─── THE RECORDS ───

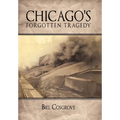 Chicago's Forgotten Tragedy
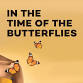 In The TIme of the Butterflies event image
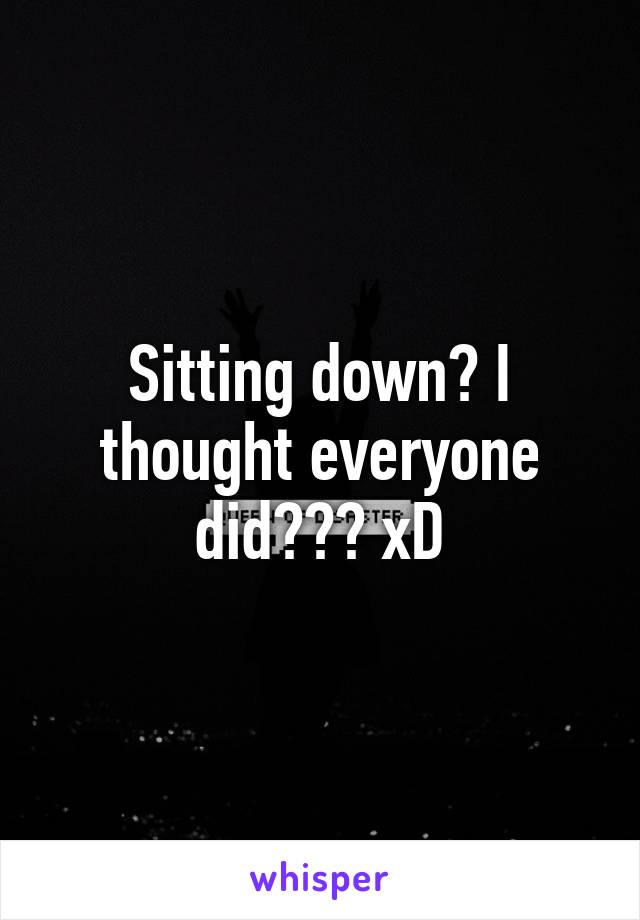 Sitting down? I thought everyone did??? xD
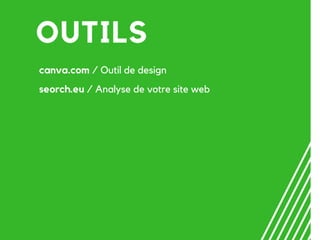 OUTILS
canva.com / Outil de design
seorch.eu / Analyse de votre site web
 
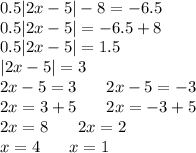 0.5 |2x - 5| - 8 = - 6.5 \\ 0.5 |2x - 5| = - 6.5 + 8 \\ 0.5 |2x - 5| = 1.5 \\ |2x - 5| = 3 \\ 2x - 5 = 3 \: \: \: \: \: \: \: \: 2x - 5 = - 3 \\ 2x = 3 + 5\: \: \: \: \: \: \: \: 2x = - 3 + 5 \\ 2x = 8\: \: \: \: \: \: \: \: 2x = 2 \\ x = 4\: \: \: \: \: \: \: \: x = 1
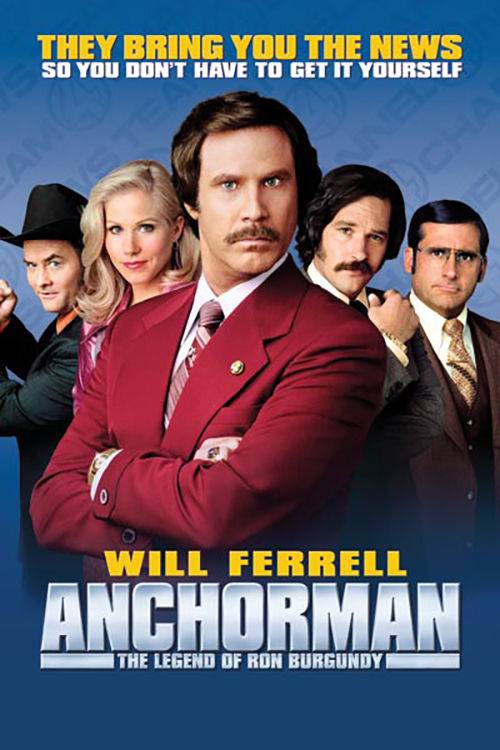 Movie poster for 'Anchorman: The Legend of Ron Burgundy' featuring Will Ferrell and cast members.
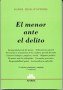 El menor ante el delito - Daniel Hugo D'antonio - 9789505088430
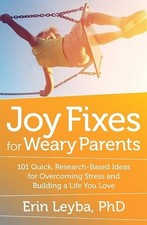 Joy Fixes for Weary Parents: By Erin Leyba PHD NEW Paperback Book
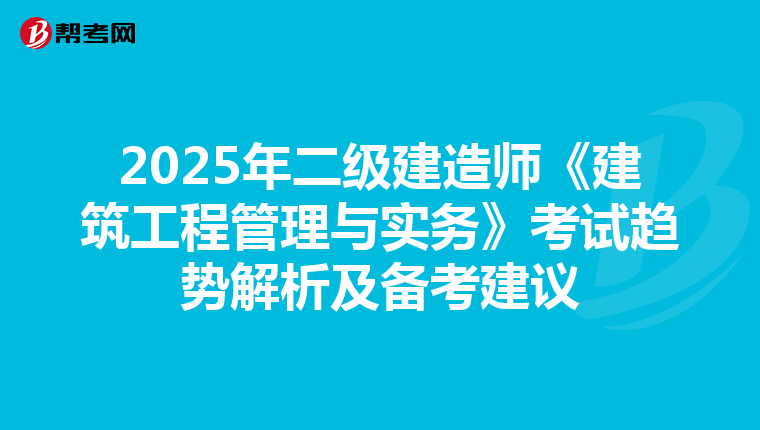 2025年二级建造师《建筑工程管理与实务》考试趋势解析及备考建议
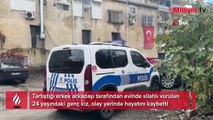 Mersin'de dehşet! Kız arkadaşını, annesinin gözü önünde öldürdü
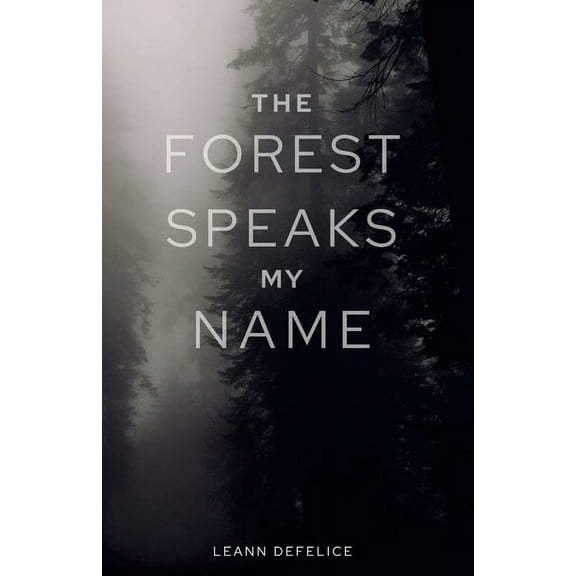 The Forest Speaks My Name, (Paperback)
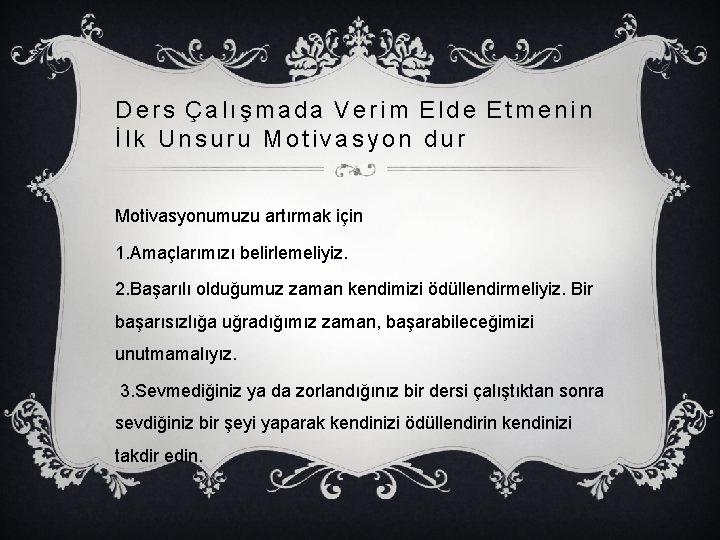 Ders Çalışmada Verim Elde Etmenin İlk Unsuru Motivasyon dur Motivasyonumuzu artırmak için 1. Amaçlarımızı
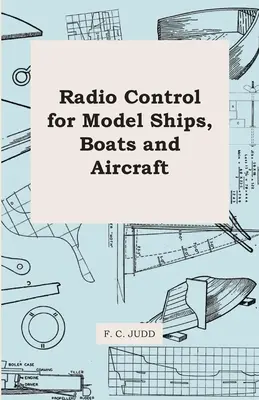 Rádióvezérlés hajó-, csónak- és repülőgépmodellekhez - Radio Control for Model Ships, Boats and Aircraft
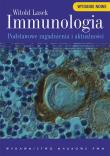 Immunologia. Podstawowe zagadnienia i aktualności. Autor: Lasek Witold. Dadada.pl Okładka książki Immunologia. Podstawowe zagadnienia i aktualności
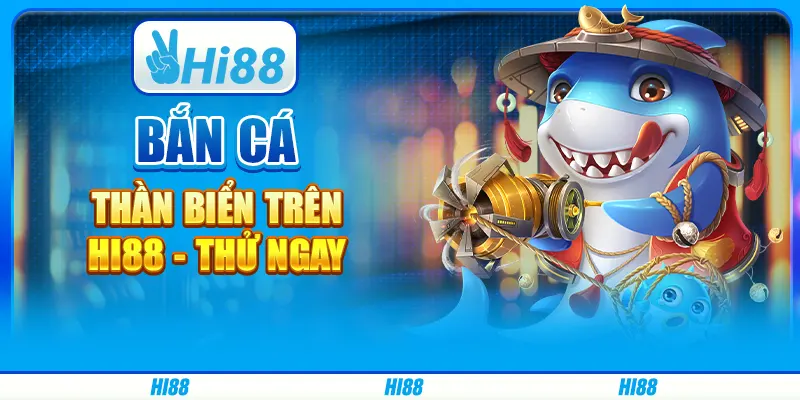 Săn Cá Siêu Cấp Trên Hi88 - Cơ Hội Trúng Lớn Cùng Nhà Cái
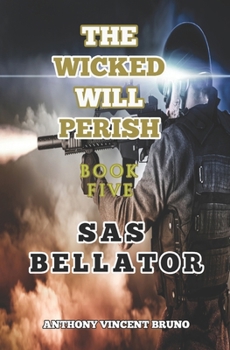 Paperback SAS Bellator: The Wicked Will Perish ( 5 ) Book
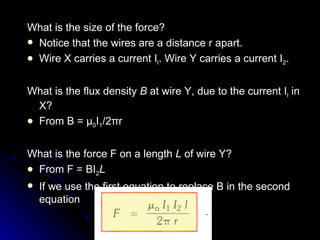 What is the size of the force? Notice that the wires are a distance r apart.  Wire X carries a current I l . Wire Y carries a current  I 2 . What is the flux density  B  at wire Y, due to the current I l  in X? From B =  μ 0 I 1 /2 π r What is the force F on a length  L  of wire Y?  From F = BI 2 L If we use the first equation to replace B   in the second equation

───

**WHAT THE EXERCISE ASKS:**
What should come back is an exact copy of the lines above from the line with "Sitting down? I thought everyone did??? xD" to the line with "Movie poster for", both included, minus the pictures.

**ANSWER BELOW:**
 Sitting down? I thought everyone did??? xD
 OUTILS
canva.com / Outil de design
seorch.eu / Analyse de votre site web
 
 0.5 |2x - 5| - 8 = - 6.5 \\ 0.5 |2x - 5| = - 6.5 + 8 \\ 0.5 |2x - 5| = 1.5 \\ |2x - 5| = 3 \\ 2x - 5 = 3 \: \: \: \: \: \: \: \: 2x - 5 = - 3 \\ 2x = 3 + 5\: \: \: \: \: \: \: \: 2x = - 3 + 5 \\ 2x = 8\: \: \: \: \: \: \: \: 2x = 2 \\ x = 4\: \: \: \: \: \: \: \: x = 1
 Movie poster for 'Anchorman: The Legend of Ron Burgundy' featuring Will Ferrell and cast members.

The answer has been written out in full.